Étape 1 : mettez à jour votre veille réglementaire et normative avant toute décision. Notez les exigences locales d’urbanisme, les règles de raccordement et les évolutions fréquentes des dispositifs d’aide ou des obligations déclaratives. Centralisez ces informations dans un document interne daté, pour tracer les hypothèses retenues et éviter les décisions sur des informations obsolètes.
Étape 2 : qualifiez votre profil de consommation pour dimensionner l’autoconsommation résidentielle. Rassemblez au moins 12 mois de factures et, si possible, des courbes horaires via le compteur communicant. Repérez les usages décalables (chauffe-eau, lave-linge, recharge) afin d’estimer le taux d’autoconsommation plausible sans surinvestir.
Étape 3 : choisissez une architecture technique conforme aux bonnes pratiques et aux exigences d’assurabilité. Vérifiez la compatibilité onduleur/micro-onduleurs, protections électriques, dispositifs de coupure, et la gestion des surtensions. Demandez au prestataire un schéma unifilaire, la liste du matériel et les fiches techniques, puis validez la cohérence avec les contraintes du toit et de la ventilation.
Étape 4 : sélectionnez un installateur certifié et formalisez un processus d’évaluation. Comparez plusieurs devis sur une base identique (puissance, garanties, modalités de maintenance, supervision) et contrôlez les assurances, références et qualifications pertinentes. Prévoyez une visite technique préalable documentée pour limiter les aléas de chantier et clarifier les réserves possibles.
Étape 5 : coordonnez la rénovation énergétique de la maison avec le solaire dans le bon ordre.

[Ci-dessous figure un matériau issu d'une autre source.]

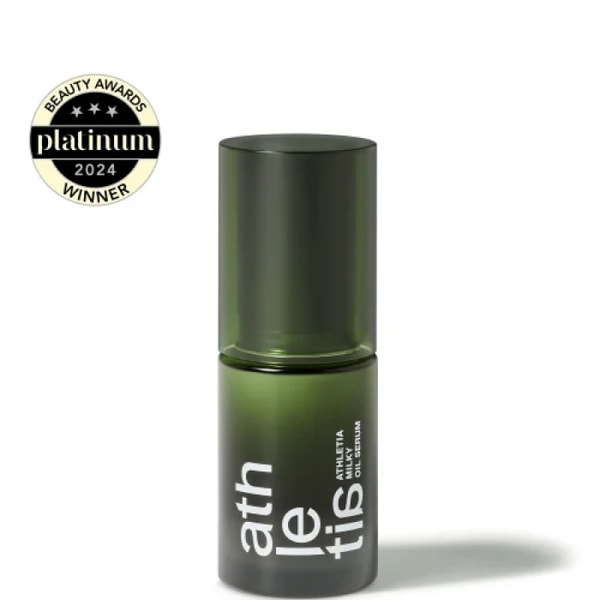 Athletia Beauty Milky Oil Serum Reviews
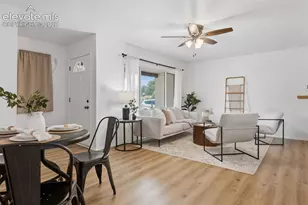 156 Norman Dr, Colorado Springs, CO 80911 - Photo 5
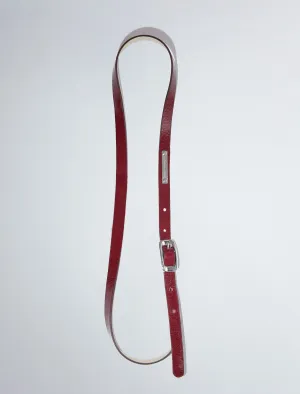 no 2156 / Greta Belt
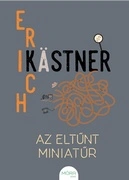 Az eltűnt miniatűr MÓRA Plusz akciós termékkép 1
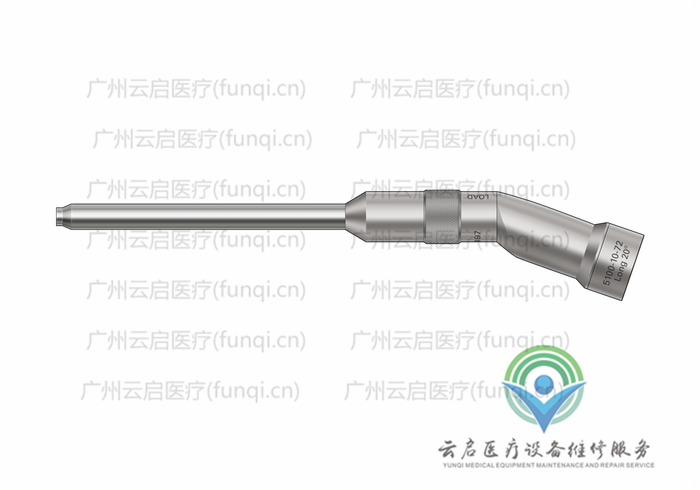 史塞克Stryker 5100-10-72动力系统接头与附件 史塞克Stryker 5100-10-72动力系统接头与附件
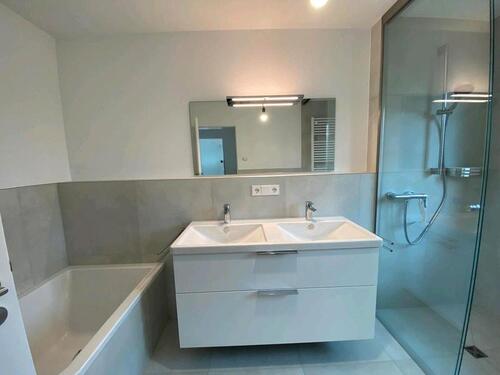 Foto - Erdgeschoßwohnung in Friedrichshafen zur Miete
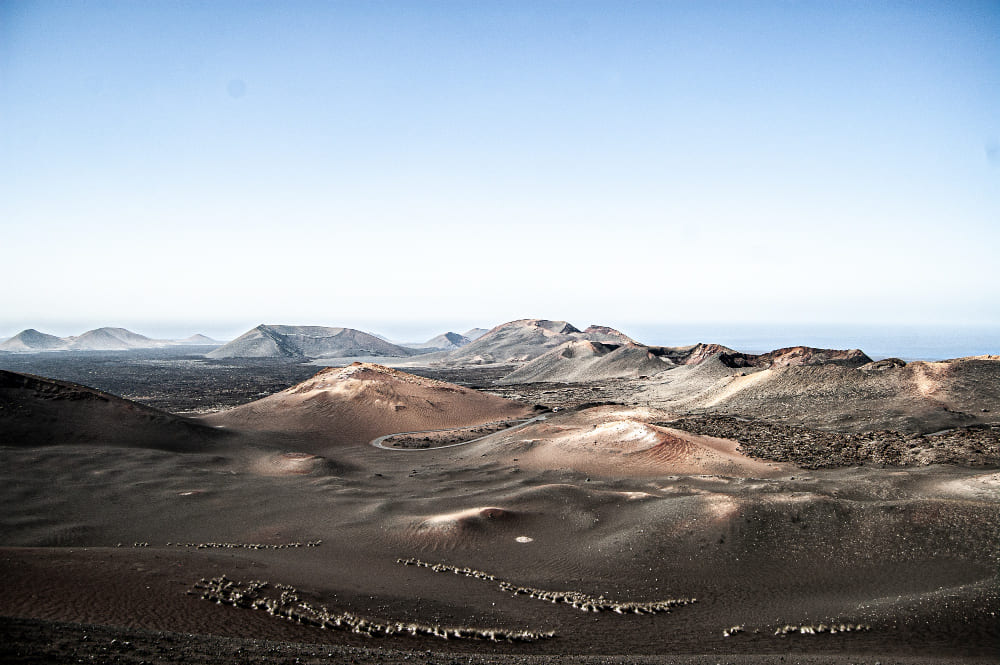 Lanzarote, mucho más que un destino de vacaciones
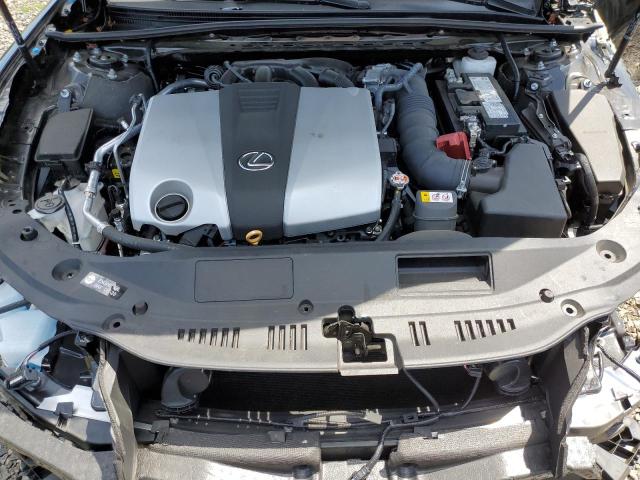 2023 LEXUS ES 350 F S 58AJZ1B16PU151566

Traitez d’abord l’enveloppe, en priorisant l’isolation thermique des combles et les ponts thermiques, afin de réduire les besoins avant de produire. Ajustez ensuite les réglages de chauffage/eau chaude, car ces paramètres influencent directement la valeur d’usage de l’électricité autoconsommée.
Étape 6 : intégrez un plan d’entretien photovoltaïque et domestique dès la mise en service. Définissez des contrôles périodiques : inspection visuelle, suivi de production, nettoyage raisonné si nécessaire, et vérification des fixations et connexions selon les recommandations du fabricant. En parallèle, planifiez l’entretien plomberie et sanitaires (fuites, entartrage, robinetterie) pour éviter des consommations cachées et des interruptions de confort.
Étape 7 : sécurisez les contrats et la conformité, avec un niveau de formalisme adapté aux particuliers. Relisez les clauses clés : périmètre, délais, pénalités raisonnables, modalités de réception, garanties, et traitement des données de supervision énergétique. En cas de doute sur un contrat commercial, une consultation de services juridiques pour particuliers peut aider à clarifier les obligations, sans complexifier inutilement le projet.
Étape 8 : si vous créez une activité (location meublée, petit commerce, ou micro-entreprise à domicile), anticipez les formalités et les impacts énergie. Vérifiez la compatibilité des usages professionnels avec votre installation, la séparation éventuelle des charges et les exigences de conformité. Tenez un registre simple des démarches (immatriculation, attestations, facturation) pour éviter les incohérences lors de contrôles ou d’échanges avec les assureurs.